The thermal switch 1 is inserted into the mounting section A1 together with an O-ring 15, serving as a sealing member, made of silicon rubber or the like from outside the compressor. The O-ring 15 is caused to closely adhere to an inner wall of the mounting section A1, are outer wall of the metal housing 3 of the thermal switch and the flange of the header plate 2, so that the mounting section A1 is airtightly closed. Further, a known arcuate elastic member 16 such as a snap ring is attached to an upper peripheral end of the protective cap 13 to hold and fix the latter so that the thermal switch is prevented from falling off from the mounting section A1. Accordingly, since the thermal switch 1 is positioned outward relative to an inner surface of the outer wall of the compressor casing A, airtightness of the mounting section A1 and reliable fixation of the thermal switch can be achieved only by the O-ring 15 and the elastic member 16. In order that heat may be restrained from escape, the outer wall of the housing of the thermal switch 1 is adapted not to come into direct contact with the inner surface of the mounting section A1, namely, the outer wall of the compressor casing A. For this purpose, too, a metal portion including the header plate 2 is adapted not to come into direct contact with the compressor casing A. The housing of the thermal switch 1 is longer than that of the conventional thermal switch and accordingly, a lower half of the housing is exposed to the discharged refrigerant in the flow passage. Consequently, the thermal switch 1 can efficiently be subjected to heat from the refrigerant.

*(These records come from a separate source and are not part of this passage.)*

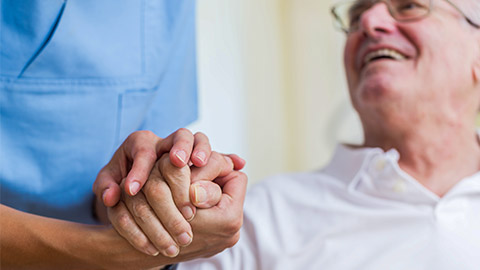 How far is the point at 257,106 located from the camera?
5.82 ft

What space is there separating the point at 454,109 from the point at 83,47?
80cm

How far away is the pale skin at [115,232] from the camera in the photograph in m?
0.65

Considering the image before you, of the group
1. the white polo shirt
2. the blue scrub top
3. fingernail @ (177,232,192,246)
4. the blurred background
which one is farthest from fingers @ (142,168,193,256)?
the blurred background

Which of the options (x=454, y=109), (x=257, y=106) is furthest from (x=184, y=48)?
(x=257, y=106)

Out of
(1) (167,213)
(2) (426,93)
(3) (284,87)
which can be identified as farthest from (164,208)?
(3) (284,87)

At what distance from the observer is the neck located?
1.10m

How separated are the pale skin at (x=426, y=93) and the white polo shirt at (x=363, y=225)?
0.22ft

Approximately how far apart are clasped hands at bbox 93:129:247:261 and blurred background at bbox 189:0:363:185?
877 millimetres

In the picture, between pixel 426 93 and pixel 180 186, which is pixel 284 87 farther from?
pixel 180 186

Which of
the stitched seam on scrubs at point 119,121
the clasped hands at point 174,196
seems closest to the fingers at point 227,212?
the clasped hands at point 174,196

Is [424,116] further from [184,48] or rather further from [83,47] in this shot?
[83,47]

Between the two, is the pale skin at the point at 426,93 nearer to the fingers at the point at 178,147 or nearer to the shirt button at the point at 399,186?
the shirt button at the point at 399,186

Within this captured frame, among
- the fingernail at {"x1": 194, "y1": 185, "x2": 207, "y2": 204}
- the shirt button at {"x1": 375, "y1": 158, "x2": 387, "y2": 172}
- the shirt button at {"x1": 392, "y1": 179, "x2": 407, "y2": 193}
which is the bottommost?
the shirt button at {"x1": 392, "y1": 179, "x2": 407, "y2": 193}

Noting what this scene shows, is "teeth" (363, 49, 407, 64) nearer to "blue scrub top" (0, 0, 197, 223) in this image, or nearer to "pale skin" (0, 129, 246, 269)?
"blue scrub top" (0, 0, 197, 223) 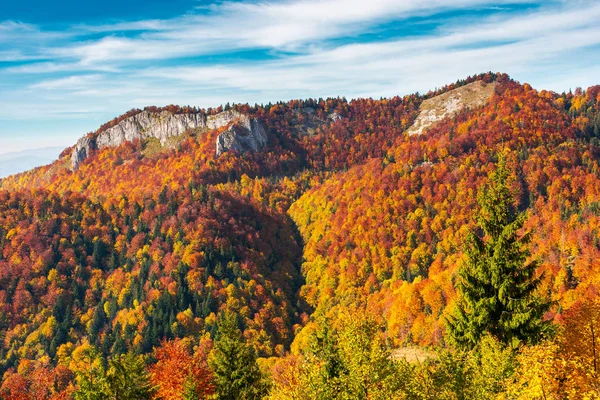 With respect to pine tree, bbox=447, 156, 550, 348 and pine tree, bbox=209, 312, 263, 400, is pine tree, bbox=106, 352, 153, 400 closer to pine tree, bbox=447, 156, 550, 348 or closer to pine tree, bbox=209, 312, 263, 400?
pine tree, bbox=209, 312, 263, 400

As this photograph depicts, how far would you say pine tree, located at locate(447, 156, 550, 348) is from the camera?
112 feet

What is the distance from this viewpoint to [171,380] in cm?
4847

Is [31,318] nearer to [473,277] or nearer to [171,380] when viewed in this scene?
[171,380]

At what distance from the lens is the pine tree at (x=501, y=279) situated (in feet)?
112

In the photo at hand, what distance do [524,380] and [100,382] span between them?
122ft

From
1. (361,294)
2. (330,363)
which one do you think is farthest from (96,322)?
(330,363)

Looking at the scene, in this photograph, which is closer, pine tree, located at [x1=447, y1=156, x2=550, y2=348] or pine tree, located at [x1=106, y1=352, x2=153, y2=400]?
pine tree, located at [x1=447, y1=156, x2=550, y2=348]

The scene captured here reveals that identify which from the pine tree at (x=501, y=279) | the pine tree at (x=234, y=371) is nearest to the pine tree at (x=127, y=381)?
the pine tree at (x=234, y=371)

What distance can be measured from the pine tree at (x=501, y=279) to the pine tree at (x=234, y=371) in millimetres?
22447

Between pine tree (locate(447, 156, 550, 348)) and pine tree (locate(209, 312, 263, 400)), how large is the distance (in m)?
22.4

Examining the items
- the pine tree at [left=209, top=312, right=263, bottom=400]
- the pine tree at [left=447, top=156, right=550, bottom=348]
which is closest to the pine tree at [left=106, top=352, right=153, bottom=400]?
the pine tree at [left=209, top=312, right=263, bottom=400]

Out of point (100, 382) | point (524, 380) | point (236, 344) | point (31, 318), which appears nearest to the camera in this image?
point (524, 380)

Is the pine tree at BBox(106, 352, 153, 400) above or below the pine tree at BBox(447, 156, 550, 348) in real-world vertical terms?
below

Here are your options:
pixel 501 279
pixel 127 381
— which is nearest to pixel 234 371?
pixel 127 381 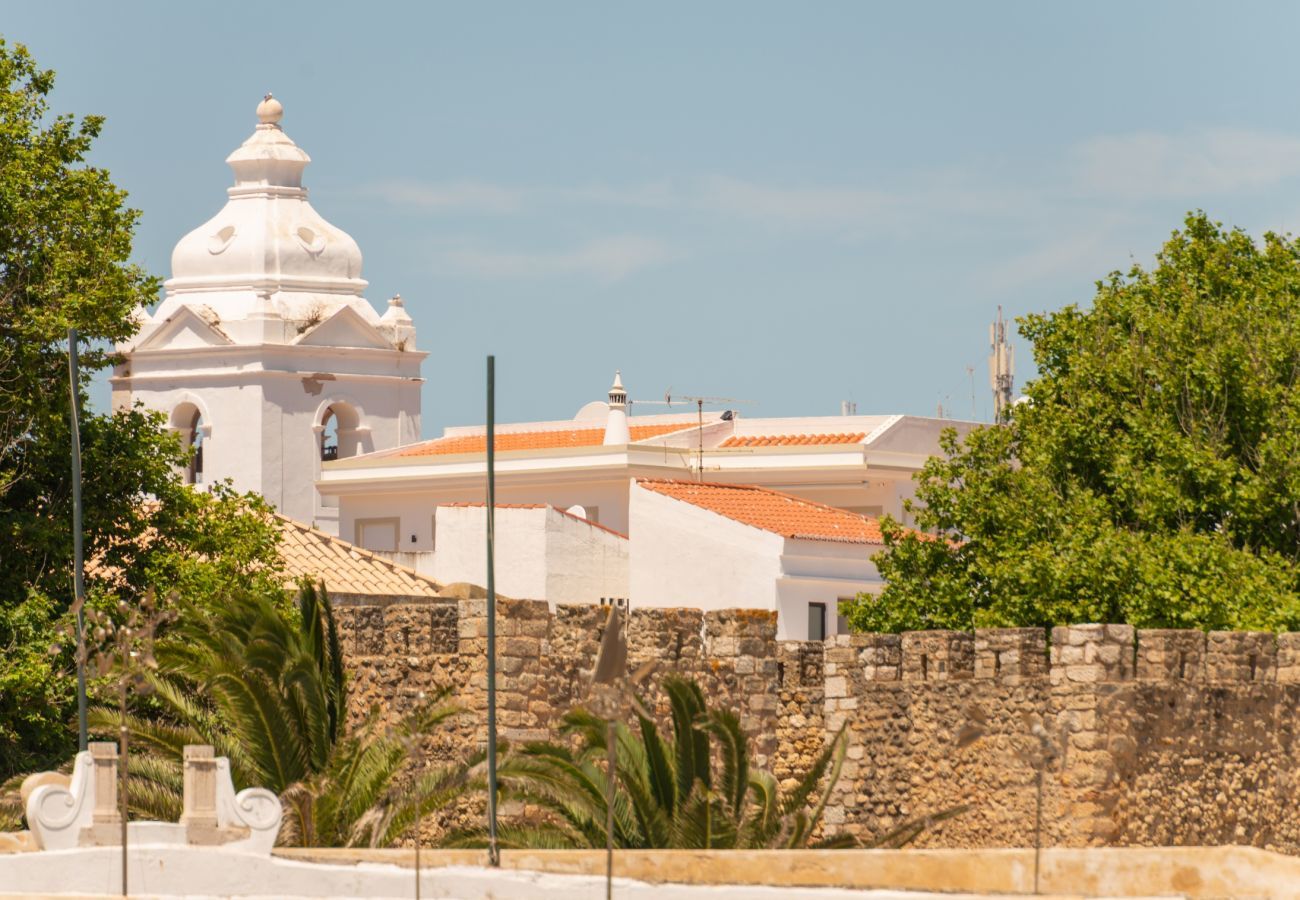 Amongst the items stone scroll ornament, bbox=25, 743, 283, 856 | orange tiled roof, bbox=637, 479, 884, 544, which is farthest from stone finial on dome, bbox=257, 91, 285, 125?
stone scroll ornament, bbox=25, 743, 283, 856

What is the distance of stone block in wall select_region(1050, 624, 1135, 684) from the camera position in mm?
21453

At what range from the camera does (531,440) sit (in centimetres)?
5338

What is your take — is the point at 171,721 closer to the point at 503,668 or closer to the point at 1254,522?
the point at 503,668

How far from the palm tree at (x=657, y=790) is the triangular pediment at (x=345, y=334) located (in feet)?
127

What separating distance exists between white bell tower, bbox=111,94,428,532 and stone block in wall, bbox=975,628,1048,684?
1515 inches

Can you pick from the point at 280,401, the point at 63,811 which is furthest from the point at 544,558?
the point at 63,811

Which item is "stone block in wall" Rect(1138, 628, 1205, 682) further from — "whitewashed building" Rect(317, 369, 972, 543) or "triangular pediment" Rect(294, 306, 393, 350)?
"triangular pediment" Rect(294, 306, 393, 350)

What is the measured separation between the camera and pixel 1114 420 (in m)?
33.6

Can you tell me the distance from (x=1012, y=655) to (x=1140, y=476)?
10.5 metres

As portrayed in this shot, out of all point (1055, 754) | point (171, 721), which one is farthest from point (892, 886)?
point (171, 721)

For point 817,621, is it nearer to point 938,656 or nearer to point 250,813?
point 938,656

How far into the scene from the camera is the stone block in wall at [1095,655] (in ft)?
70.4

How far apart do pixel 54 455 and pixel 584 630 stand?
7.22 metres

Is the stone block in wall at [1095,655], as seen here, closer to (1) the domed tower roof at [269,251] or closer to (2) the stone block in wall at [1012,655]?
(2) the stone block in wall at [1012,655] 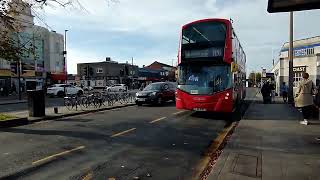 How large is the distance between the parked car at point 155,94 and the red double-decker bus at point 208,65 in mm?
8861

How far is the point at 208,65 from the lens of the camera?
18.0m

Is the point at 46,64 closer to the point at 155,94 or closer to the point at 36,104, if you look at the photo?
the point at 155,94

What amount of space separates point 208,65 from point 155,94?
32.4 feet

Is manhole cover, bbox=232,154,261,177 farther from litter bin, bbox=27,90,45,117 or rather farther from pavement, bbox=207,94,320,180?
litter bin, bbox=27,90,45,117

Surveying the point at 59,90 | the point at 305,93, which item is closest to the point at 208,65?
the point at 305,93

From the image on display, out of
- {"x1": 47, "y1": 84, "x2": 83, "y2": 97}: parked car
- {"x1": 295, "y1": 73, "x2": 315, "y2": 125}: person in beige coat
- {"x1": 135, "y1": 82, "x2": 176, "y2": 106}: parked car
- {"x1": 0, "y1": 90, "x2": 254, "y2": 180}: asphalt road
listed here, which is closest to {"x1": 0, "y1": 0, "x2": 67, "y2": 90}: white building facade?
{"x1": 47, "y1": 84, "x2": 83, "y2": 97}: parked car

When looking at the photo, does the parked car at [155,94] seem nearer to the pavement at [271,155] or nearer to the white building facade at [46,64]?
the pavement at [271,155]

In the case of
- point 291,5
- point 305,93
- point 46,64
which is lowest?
point 305,93

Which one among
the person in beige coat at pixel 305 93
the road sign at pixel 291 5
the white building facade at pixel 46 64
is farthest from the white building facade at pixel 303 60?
the road sign at pixel 291 5

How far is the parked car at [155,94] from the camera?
89.4 feet

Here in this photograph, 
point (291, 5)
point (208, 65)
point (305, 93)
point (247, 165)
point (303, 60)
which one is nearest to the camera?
point (291, 5)

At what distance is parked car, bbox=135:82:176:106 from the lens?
27234mm

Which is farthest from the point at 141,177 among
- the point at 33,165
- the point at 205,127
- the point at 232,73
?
the point at 232,73

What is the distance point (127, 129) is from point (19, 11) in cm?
733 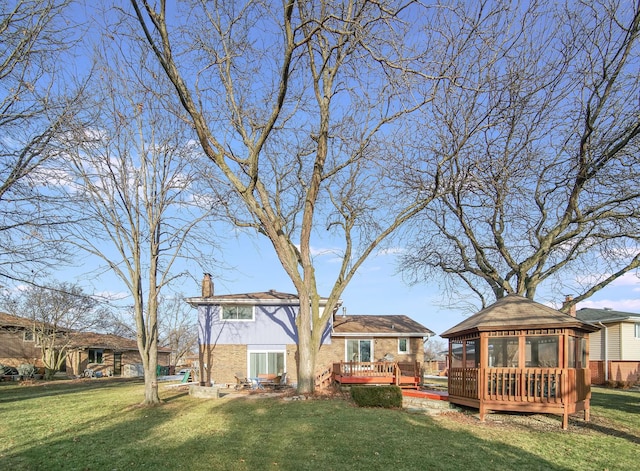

The transfer of heat from the housing bottom is restrained by increasing the length L of the cylindrical portion 3C of the housing 3 of the thermal switch 1. In order that the heat transferring speed may be further restrained, the length L of the cylindrical portion 3C needs to be further increased or the thickness t thereof needs to be reduced. However, when the length L of the cylindrical portion 3C is excessively increased, the thermal switch requires a larger mounting space, resulting in an increase in the size of a casing of the equipment to be protected by the thermal switch, for example, the casing of the compressor. Further if the thickness t of the housing is only reduced according to the requirement of increase in the operating speed of the thermal switch, the withstand pressure of the housing is reduced.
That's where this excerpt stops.